PROBLEM DETAILS. In the listing below, find the line with "Bathroom features a" and the line with "a pink background with bows on it", then return them and every line between them exactly, minus the pictures.

STORED DATA.
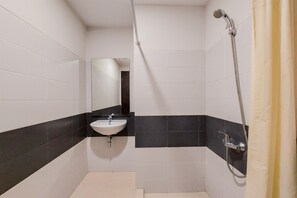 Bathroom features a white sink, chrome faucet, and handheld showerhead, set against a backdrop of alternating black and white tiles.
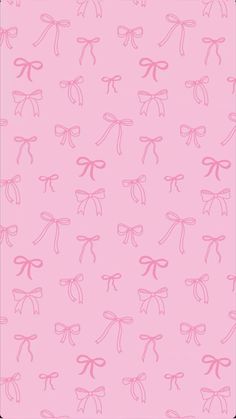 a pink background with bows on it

--

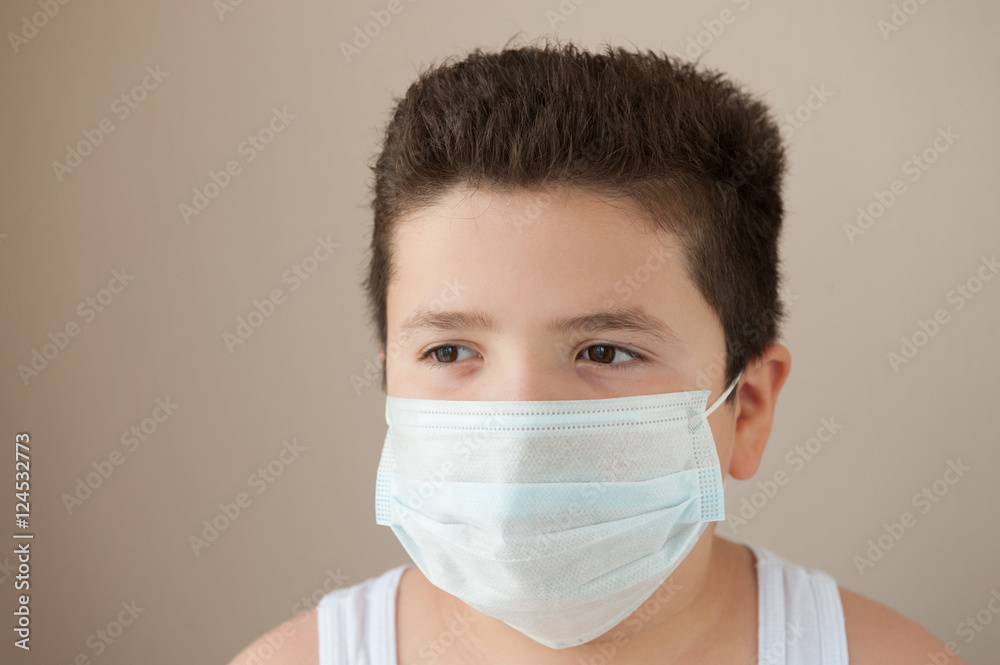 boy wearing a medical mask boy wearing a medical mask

ANSWER TO THE EXERCISE.
 Bathroom features a white sink, chrome faucet, and handheld showerhead, set against a backdrop of alternating black and white tiles.
 a pink background with bows on it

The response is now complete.